Captioned web image data
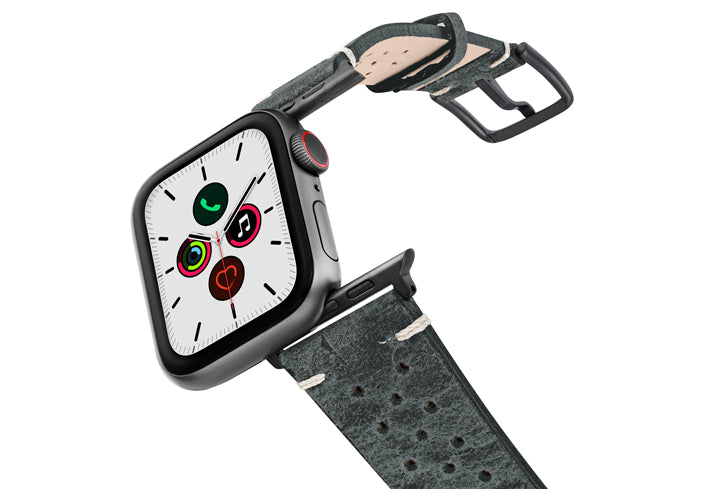 Meridio - Apple Watch 皮革表带 - 防弹系列 - 更强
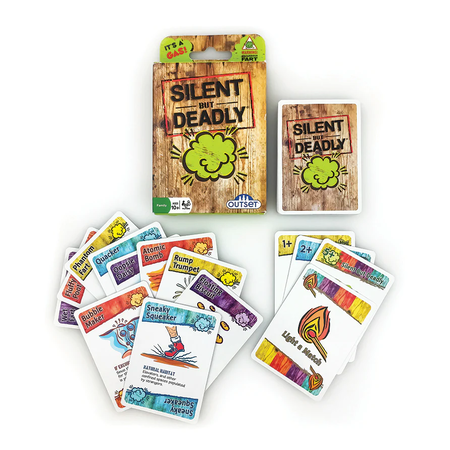 Silent But Deadly Card Game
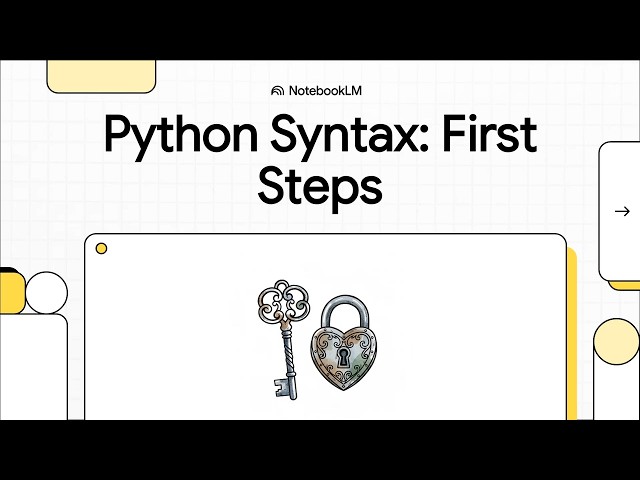 Python Syntax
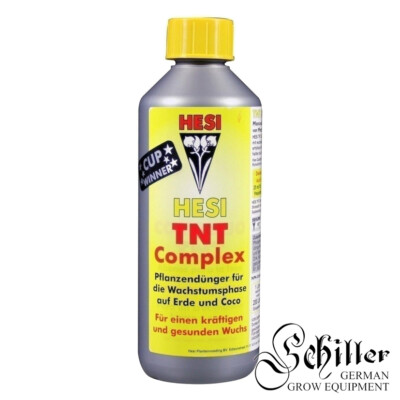 HESI TNT Complex 500 ml - Wachstumsdünger Wachstumsphase Erde Coco NPK - Grow
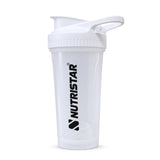 Nutristar Premium Plastic Shaker Bottle 600ml (Random Color)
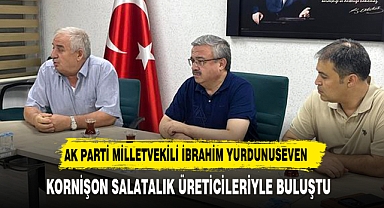 Yurdunuseven, Kornişon Salatalık Üreticileriyle Buluştu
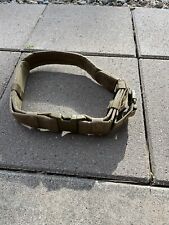 Cinto tático bronzeado com uma bolsa para revistas, usado comprar usado  Enviando para Brazil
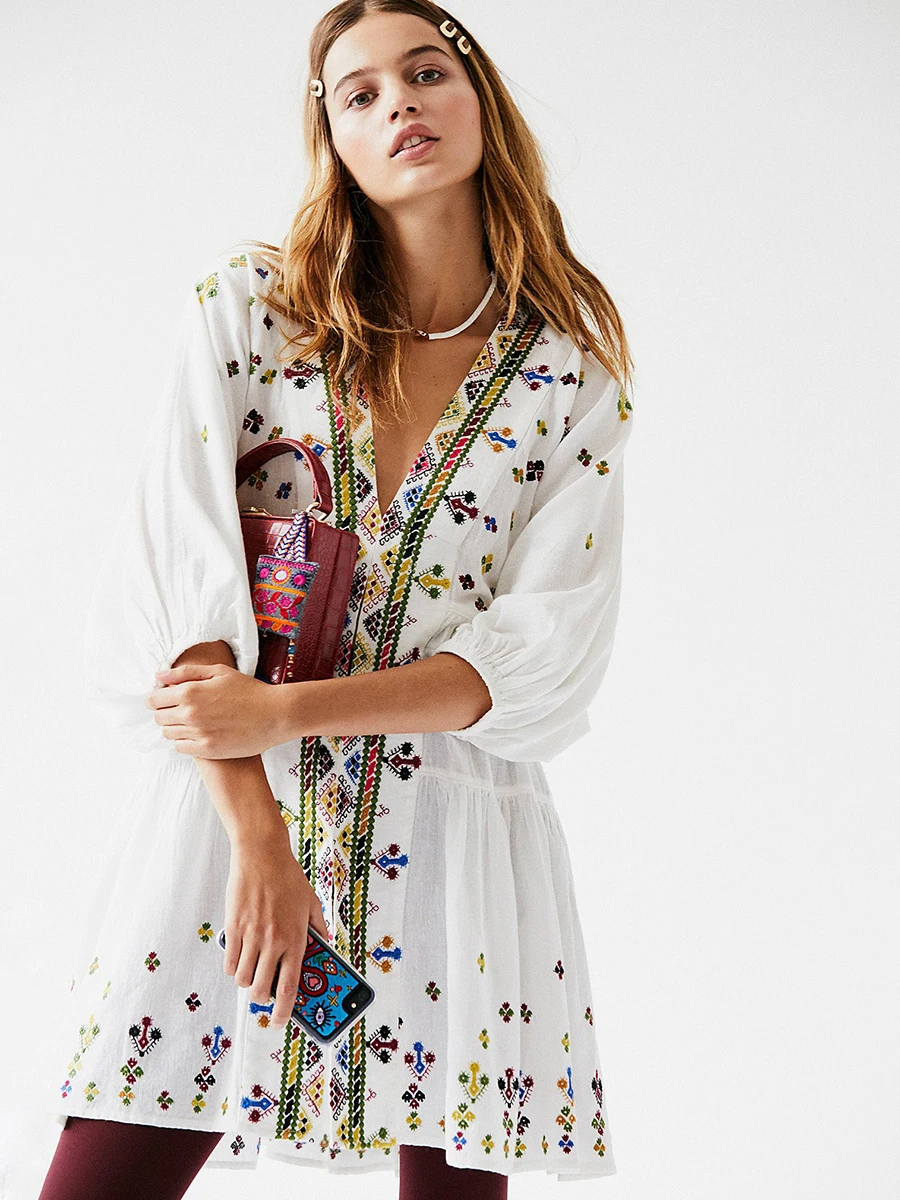 boho tunic dress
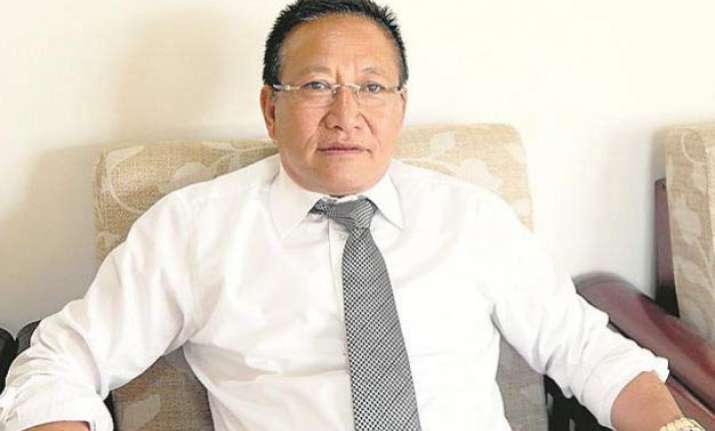 no opposition in nagaland bjp congress both in govt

● Task brief
Once you find the line containing "boho tunic dress", transcribe it and each line after it to the end of the records exactly, and leave out the pictures.

● Response to the task
 boho tunic dress
 no opposition in nagaland bjp congress both in govt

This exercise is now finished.